> **WHAT YOU SHOULD DO**: Output, please, exactly those lines of the listing that come before the line with "626 NW 13th St #16 — Photo 8", along with that line itself.

> **DATA FOR THIS TASK**:
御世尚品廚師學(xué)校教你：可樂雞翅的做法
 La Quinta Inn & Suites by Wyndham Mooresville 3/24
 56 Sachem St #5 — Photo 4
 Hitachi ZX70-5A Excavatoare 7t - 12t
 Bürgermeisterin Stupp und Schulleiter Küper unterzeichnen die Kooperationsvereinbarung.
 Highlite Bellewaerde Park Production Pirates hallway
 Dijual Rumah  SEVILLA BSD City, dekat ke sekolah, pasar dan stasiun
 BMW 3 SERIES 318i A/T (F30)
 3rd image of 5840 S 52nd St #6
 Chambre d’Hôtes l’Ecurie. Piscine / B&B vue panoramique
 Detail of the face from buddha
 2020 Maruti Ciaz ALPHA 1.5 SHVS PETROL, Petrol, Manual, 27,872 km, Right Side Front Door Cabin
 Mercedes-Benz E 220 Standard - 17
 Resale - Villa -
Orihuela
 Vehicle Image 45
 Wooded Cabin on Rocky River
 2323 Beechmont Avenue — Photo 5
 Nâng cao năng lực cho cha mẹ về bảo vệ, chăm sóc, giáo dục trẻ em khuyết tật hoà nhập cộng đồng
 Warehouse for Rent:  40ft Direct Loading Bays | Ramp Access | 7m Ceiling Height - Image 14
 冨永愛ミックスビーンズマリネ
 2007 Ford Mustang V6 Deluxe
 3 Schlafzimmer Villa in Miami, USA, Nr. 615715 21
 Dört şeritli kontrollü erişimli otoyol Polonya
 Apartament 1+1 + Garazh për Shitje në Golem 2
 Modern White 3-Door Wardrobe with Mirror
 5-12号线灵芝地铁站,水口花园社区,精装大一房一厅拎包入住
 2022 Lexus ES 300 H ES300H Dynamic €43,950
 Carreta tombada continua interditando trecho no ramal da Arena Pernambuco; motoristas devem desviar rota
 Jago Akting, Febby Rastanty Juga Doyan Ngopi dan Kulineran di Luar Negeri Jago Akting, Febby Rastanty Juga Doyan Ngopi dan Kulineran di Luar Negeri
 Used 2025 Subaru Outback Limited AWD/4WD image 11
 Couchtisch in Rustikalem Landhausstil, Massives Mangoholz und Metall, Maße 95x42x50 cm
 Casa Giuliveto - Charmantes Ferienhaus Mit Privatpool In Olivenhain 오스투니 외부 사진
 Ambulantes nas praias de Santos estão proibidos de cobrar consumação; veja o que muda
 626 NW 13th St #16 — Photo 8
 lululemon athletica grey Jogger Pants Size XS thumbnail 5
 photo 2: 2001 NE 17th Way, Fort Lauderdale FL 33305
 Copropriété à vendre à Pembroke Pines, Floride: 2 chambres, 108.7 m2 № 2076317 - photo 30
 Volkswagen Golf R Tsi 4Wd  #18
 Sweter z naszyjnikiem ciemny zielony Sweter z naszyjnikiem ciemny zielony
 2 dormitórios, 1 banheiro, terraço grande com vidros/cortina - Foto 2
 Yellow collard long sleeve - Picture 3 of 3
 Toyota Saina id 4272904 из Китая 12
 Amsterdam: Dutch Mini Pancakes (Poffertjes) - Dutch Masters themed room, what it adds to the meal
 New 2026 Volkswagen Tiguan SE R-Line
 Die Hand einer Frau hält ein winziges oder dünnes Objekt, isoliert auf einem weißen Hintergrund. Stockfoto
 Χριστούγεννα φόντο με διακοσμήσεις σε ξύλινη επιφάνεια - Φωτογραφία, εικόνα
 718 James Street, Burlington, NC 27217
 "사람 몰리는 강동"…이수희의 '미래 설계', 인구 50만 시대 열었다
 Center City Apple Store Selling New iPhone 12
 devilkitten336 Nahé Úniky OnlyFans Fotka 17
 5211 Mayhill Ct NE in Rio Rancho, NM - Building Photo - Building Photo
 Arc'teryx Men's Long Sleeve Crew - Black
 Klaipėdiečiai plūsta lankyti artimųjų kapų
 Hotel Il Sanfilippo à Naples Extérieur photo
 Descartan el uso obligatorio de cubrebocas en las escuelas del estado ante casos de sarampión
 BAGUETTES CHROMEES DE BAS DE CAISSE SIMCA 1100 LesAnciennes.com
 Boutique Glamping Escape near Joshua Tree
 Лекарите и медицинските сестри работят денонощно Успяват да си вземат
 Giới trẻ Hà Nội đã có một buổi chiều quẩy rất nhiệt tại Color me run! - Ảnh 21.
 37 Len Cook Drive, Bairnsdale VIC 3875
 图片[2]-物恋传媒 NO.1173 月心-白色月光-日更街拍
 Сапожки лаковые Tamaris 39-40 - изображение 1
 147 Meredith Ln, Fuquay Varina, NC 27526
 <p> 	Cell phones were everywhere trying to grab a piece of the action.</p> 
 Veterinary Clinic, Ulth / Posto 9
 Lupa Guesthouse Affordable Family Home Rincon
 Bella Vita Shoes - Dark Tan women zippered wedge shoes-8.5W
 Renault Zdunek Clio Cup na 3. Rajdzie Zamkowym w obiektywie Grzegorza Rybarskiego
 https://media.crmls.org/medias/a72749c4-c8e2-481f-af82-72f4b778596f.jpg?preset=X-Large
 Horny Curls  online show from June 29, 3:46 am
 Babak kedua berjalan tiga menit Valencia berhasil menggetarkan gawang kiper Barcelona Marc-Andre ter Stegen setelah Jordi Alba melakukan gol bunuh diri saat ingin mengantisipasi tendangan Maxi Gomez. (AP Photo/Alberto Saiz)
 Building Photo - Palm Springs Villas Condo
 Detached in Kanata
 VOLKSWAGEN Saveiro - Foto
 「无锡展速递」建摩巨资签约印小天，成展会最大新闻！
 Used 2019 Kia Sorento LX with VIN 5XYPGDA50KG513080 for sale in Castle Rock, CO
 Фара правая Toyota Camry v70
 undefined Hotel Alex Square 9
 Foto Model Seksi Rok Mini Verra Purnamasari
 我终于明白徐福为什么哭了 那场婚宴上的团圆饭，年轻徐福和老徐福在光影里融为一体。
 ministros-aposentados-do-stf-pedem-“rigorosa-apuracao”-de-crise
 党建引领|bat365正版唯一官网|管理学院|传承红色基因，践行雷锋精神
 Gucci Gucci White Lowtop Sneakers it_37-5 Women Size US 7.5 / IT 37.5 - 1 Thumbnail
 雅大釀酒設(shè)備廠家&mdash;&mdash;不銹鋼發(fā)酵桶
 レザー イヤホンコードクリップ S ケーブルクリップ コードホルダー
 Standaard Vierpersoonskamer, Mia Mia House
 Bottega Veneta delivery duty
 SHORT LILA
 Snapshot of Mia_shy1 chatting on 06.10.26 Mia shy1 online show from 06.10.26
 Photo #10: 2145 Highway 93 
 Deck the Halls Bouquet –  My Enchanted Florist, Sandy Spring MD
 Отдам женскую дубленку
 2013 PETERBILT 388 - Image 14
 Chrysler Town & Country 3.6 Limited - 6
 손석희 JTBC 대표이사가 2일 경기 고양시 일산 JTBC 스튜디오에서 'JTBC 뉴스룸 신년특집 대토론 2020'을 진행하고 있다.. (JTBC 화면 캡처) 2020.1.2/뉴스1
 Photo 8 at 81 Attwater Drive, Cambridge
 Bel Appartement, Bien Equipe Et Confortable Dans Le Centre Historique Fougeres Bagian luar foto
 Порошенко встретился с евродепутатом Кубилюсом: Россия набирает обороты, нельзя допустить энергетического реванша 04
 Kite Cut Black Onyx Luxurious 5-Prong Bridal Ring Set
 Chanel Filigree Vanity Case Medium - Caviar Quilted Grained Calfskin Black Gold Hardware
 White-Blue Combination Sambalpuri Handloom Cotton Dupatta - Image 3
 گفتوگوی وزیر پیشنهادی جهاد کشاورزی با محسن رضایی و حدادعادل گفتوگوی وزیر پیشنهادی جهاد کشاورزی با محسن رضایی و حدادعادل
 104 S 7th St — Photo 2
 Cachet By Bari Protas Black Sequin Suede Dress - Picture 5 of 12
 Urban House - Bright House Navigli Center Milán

> **TASK ANSWER**:
御世尚品廚師學(xué)校教你：可樂雞翅的做法
 La Quinta Inn & Suites by Wyndham Mooresville 3/24
 56 Sachem St #5 — Photo 4
 Hitachi ZX70-5A Excavatoare 7t - 12t
 Bürgermeisterin Stupp und Schulleiter Küper unterzeichnen die Kooperationsvereinbarung.
 Highlite Bellewaerde Park Production Pirates hallway
 Dijual Rumah  SEVILLA BSD City, dekat ke sekolah, pasar dan stasiun
 BMW 3 SERIES 318i A/T (F30)
 3rd image of 5840 S 52nd St #6
 Chambre d’Hôtes l’Ecurie. Piscine / B&B vue panoramique
 Detail of the face from buddha
 2020 Maruti Ciaz ALPHA 1.5 SHVS PETROL, Petrol, Manual, 27,872 km, Right Side Front Door Cabin
 Mercedes-Benz E 220 Standard - 17
 Resale - Villa -
Orihuela
 Vehicle Image 45
 Wooded Cabin on Rocky River
 2323 Beechmont Avenue — Photo 5
 Nâng cao năng lực cho cha mẹ về bảo vệ, chăm sóc, giáo dục trẻ em khuyết tật hoà nhập cộng đồng
 Warehouse for Rent:  40ft Direct Loading Bays | Ramp Access | 7m Ceiling Height - Image 14
 冨永愛ミックスビーンズマリネ
 2007 Ford Mustang V6 Deluxe
 3 Schlafzimmer Villa in Miami, USA, Nr. 615715 21
 Dört şeritli kontrollü erişimli otoyol Polonya
 Apartament 1+1 + Garazh për Shitje në Golem 2
 Modern White 3-Door Wardrobe with Mirror
 5-12号线灵芝地铁站,水口花园社区,精装大一房一厅拎包入住
 2022 Lexus ES 300 H ES300H Dynamic €43,950
 Carreta tombada continua interditando trecho no ramal da Arena Pernambuco; motoristas devem desviar rota
 Jago Akting, Febby Rastanty Juga Doyan Ngopi dan Kulineran di Luar Negeri Jago Akting, Febby Rastanty Juga Doyan Ngopi dan Kulineran di Luar Negeri
 Used 2025 Subaru Outback Limited AWD/4WD image 11
 Couchtisch in Rustikalem Landhausstil, Massives Mangoholz und Metall, Maße 95x42x50 cm
 Casa Giuliveto - Charmantes Ferienhaus Mit Privatpool In Olivenhain 오스투니 외부 사진
 Ambulantes nas praias de Santos estão proibidos de cobrar consumação; veja o que muda
 626 NW 13th St #16 — Photo 8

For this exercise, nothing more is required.